The report also dismisses the inspector’s 25 per cent uplift over Waverley’s agreed demographic housing requirement as “arbitrary, unsound and severe” - recommending that 50 homes per annum, not the 99 proposed by the inspector, be added to Waverley’s housing target to improve affordability for market housing.
These two important adjustments would reduce the inspector’s housing requirement for Waverley by 2,508 homes to a total of 8,702 over the plan period, removing the 29 per cent over-statement claimed by the CPRE.

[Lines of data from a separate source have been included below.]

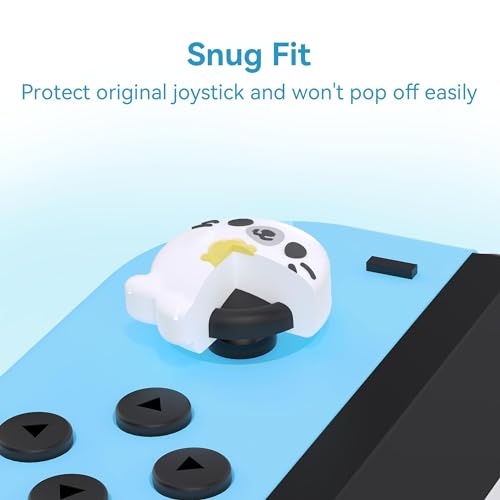 GeekShare Cute Silicone Joycon Thumb Grip Caps Kawaii Polar Animal Theme Thumbstick Caps Joystick Cover Compatible con Nintendo Switch/OLED/Switch Lite - 2 pares/4 piezas - Pingüino y sello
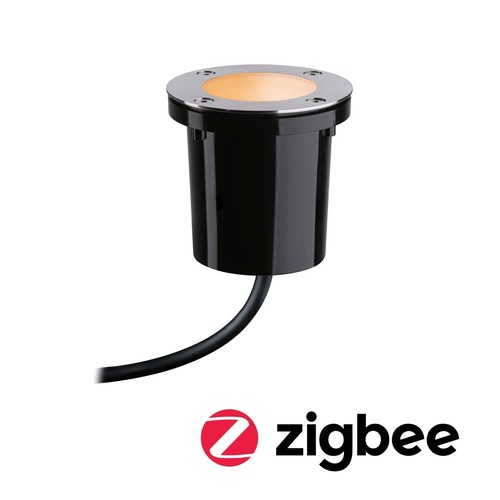 Zapuštěná - P 94588 Plug &amp; Shine LED zemní svítidlo Smart Home Zigbee zlaté světlo spot neláká hmyz IP65 CCT 4,6W černá/ocel - PAULMANN - foto 1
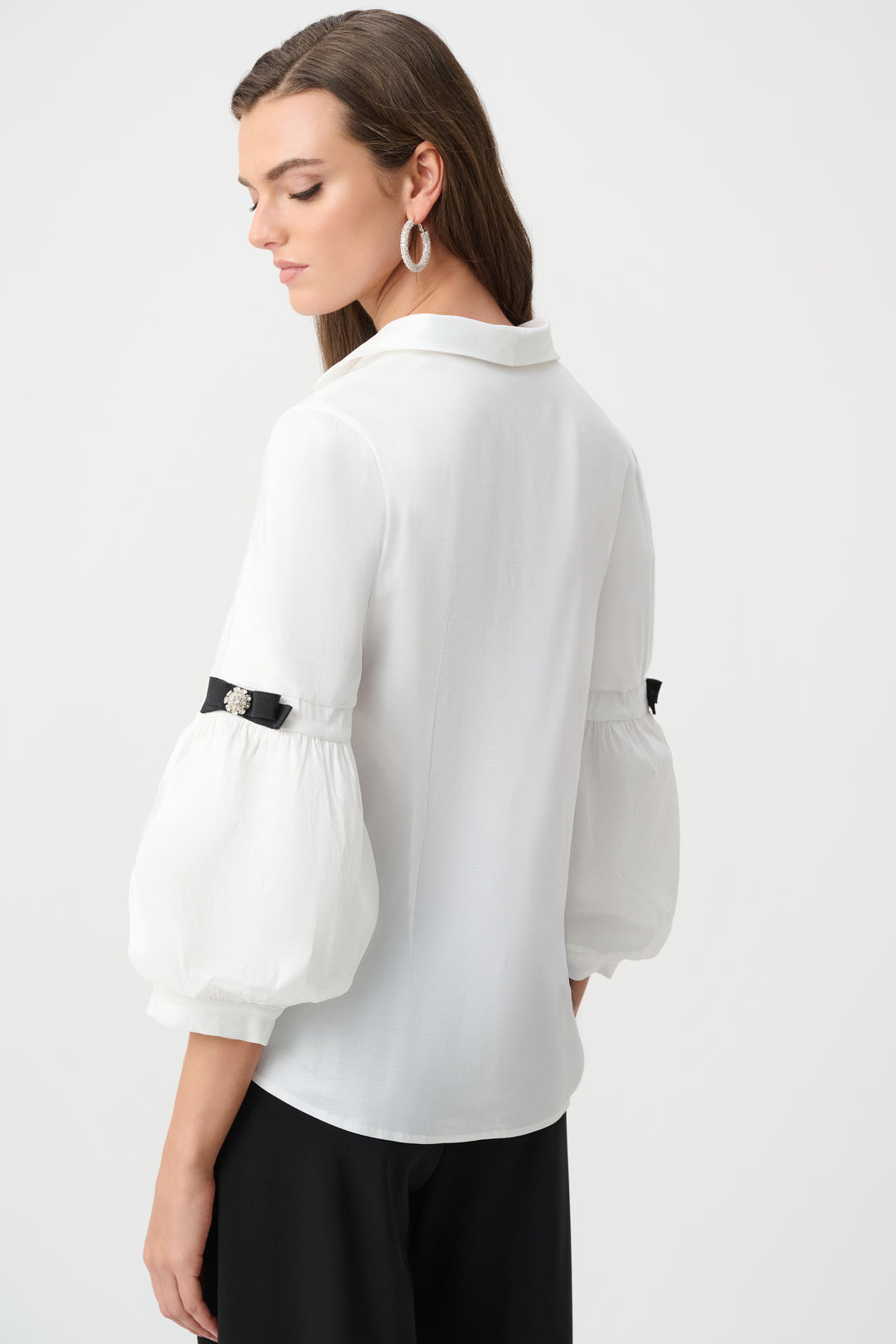 Stretch Taffeta Fitted Blouse With Rhinestone Buttons Style 263744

Anthony Isaacs, chairman of CPRE Surrey’s local Waverley committee, said: “The impact of these changes would be of fundamental importance during the life of the plan period. They would contribute to Waverley’s new plan being declared ‘sound’ and would help to ensure that throughout the plan period the borough would be able to control development under its own sound plan rather than one under threat of excessive housing numbers rendering the plan out of date for lack of a five-year housing supply.”
The report’s findings are being presented to Waverley’s consultation on the Local Plan changes, which expires on October 20, and also to the Planning Inspectorate and the Secretary of State for Communities & Local Government.
The proposed modifications to Waverley’s Local Plan have also been criticised for rendering the Farnham Neighbourhood Plan out-of-date just weeks after its adoption in late July - recommending an early review of the Farnham plan in order to accommodate the uplift in Farnham’s housing allocation.
Speaking at last week’s annual meeting of the South Farnham Residents Association, Farnham Town Council leader Carole Cockburn appealed for Farnham residents to support the Neighbourhood Plan and contribute to Waverley’s consultation before it is too late.
She said: “We should be celebrating, waving our plan in the air, singing and dancing, safe in the knowledge that we have prepared a plan which has withstood developers, been judged in the High Court, and has been endorsed well and truly at the referendum.
“But finding an extra 450 homes now, as Waverley wants us to do, is a problem for the Farnham Neighbourhood Plan because we’ve already looked at all the sites that are available in this area and we’ve selected the ones that are going to deliver the 2,330 homes initially required of us.
“If we have to choose more sites now, we have to choose the likes of Waverley Lane, the land at Folly Hill, east of Farnham Park, because there are no others available at the moment other than the ones that we have already looked at and rejected.
“The consultation is complicated, but there are two main modifications that we’re asking you to look at. One, MM1, asks Farnham to do its review now, to tear up this plan and start again now, and the other, MM3, gives us the 450 homes while leaving Waverley’s largest brownfield site Dunsfold Park without a single new home.
“The Neighbourhood Plan took five years of hard work to write, it was supported by the town, and it should have time to do its job. That’s what we’re really asking you to say, to ask the inspector if we could possibly do what we were always intending to do, which is a later review of the plan, and to ask him why there has been no uplift at Dunsfold Park.”